König Johann. Geh, Faulconbridge, du hast nun was du wünschtest; ein güterloser Ritter macht dich zu einem begüterten Junker. Kommt, Madam; komm, Richard, wir müssen nach Frankreich eilen, nach Frankreich, es ist höchste Zeit.

Philipp. Bruder, leb wohl; ich wünsche dir viel Glüks, denn du bist mit Erlaubniß der Geseze auf die Welt gekommen.

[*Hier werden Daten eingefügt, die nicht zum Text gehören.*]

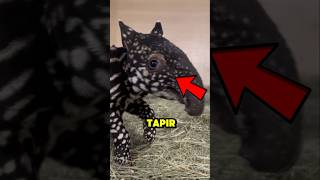 RARE AND ENDANGERED MALAYAN TAPIR HAS BORN😱😱😱 #animals #trending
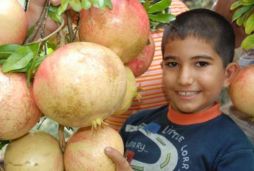 [domuz-gribine-karsi-nar-medium-0.jpg]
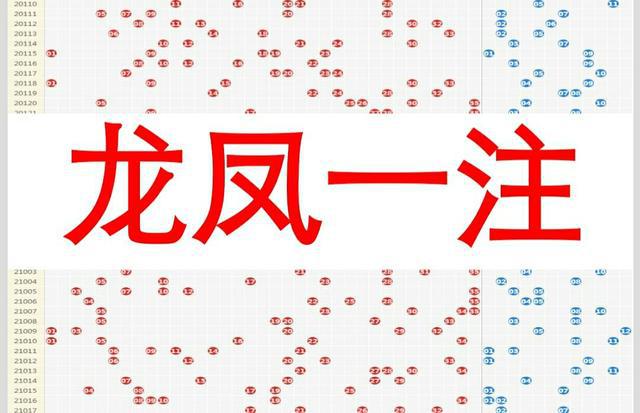 王中王080期指一生肖，深度解读与SEO策略，王中王080期生肖深度解读与SEO策略全解析
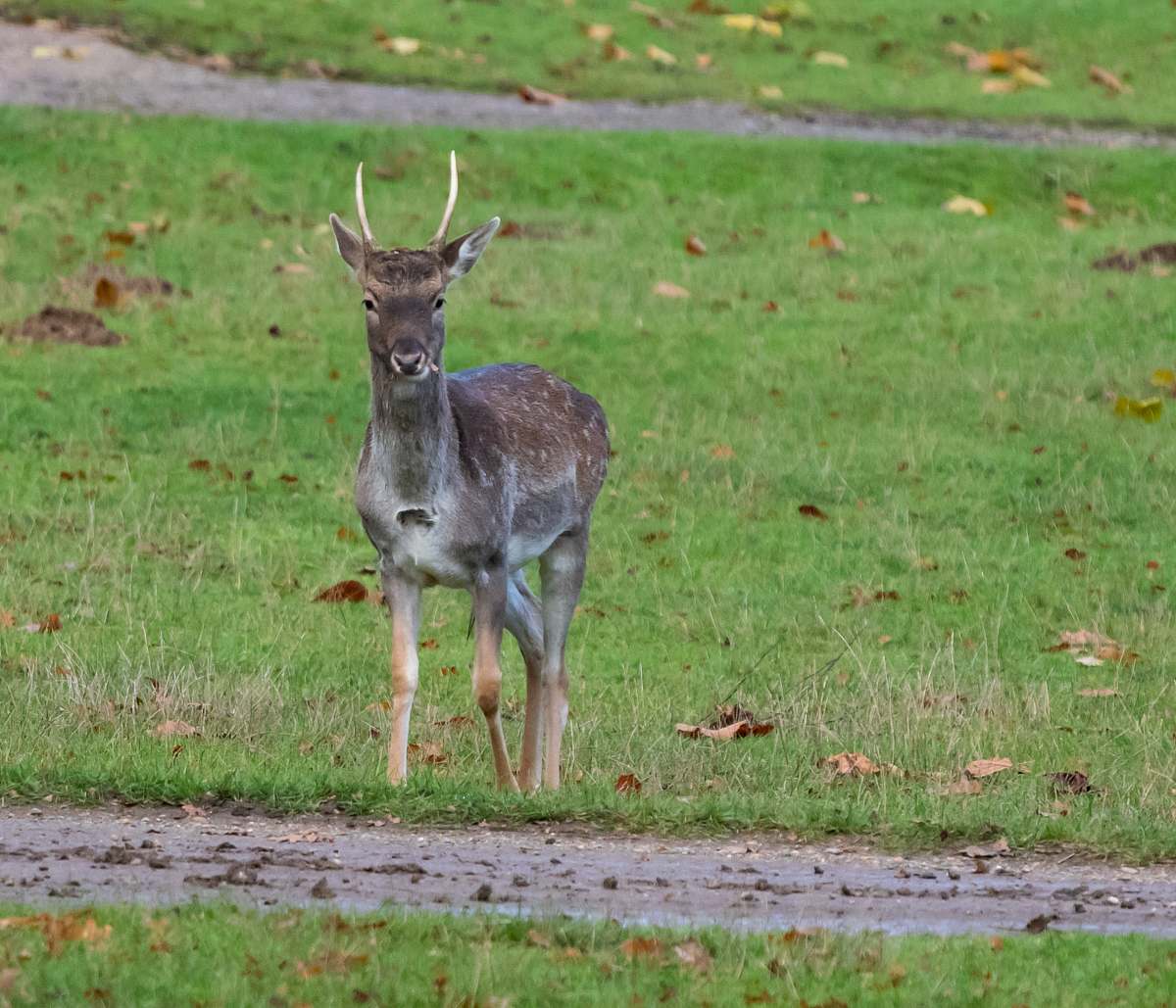 mammal black deer on grass field antelope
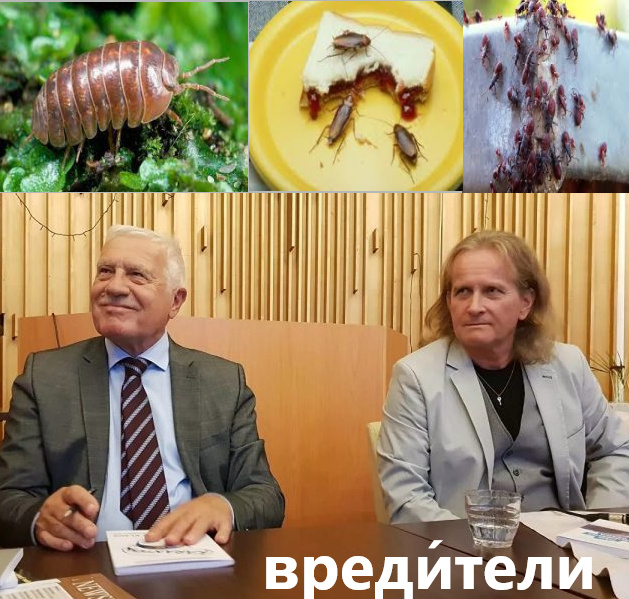 kliknutím fotku zvětšíte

(Alle gehen ab, bis auf Philipp.)

Dritte Scene.

Philipp. Meine Ehre steht nun auf einem bessern Fuß als zuvor, aber mein Vermögen hat sich um manchen Fuß Landes verschlimmert. Sey es dann; izt kan ich doch ein jedes Gretchen zu einer Lady machen--"Guten Tag, Sir Richard"--Grossen Dank, Camerad--und wenn er Görge heißt, kan ich ihn Peter nennen; denn neugebakner Adel vergißt der Leute Nahmen; man würde zuviel vergeben, wenn man noch auf solche Kleinigkeiten acht haben wollte, und solche Leute sind nicht fein genug für eure Gesellschaft. Izt ist der gereißte Mann* meiner Gnaden Tisch-Genosse, er und sein Zahnstocher; und wenn mein ritterlicher Magen angefüllt ist, nun dann saug' ich an meinen Zähnen, und catechisire meinen Spizbart aus fremden Ländern-- (Mein werther Herr), (so fang ich auf meinen Ellenbogen gestüzt an,) (darf ich euch bitten)--das ist nun die Frage; und dann kommt gleich die Antwort wie ein ABC-Buch: (O mein Herr,) sagt die Antwort, (ich bin gänzlich zu euerm Befehl, zu euern Diensten, ganz der Eurige, mein Herr--Nein, mein Herr,)sagt die Frage, (ich, mein werthester Herr, bin der Eurige;)und so, eh die Antwort recht gehört hat was die Frage will, wartet sie euch schon mit einem Dialogus von Complimenten auf, spricht dann von Alpen und Apenninen, von den Pyrenäen und dem Flusse Po, und weiß das Gespräch so lange hinaus zu ziehen, bis es vom Abend-Essen abgebrochen wird. Das ist polite Gesellschaft, die sich für einen emporstrebenden Geist, wie der meinige, schikt! Denn der ist nur ein Bastard der Zeit, der die Kunst nicht versteht sich beliebt zu machen, und nicht nur in seiner äusserlichen Gestalt, in seinem Aufzug und in seinen Manieren, dem Geschmak seiner Zeit schmeichelt; sondern auch aus einer innerlichen Quelle den süssen, süssen, süssen Gift, der den Gaumen der Leute so reizend küzelt, von sich zu geben weiß. Eine Kunst, die ich zwar nicht ausüben will, um andre zu betrügen, aber die ich zu lernen gedenke, damit ich von andern nicht betrogen werde. Sie soll die Stuffen meiner Erhöhung mit Blumen bestreuen. Aber wer kommt hier so eilfertig, in Reit-Kleidern? Was für ein weiblicher Courier ist diß? Hat sie keinen Mann, der die Müh nehmen mag, ein Horn vor ihr her zu blasen? Himmel, es ist meine Mutter! Nun, meine werthe Lady, was bringt euch so eilfertig nach Hofe?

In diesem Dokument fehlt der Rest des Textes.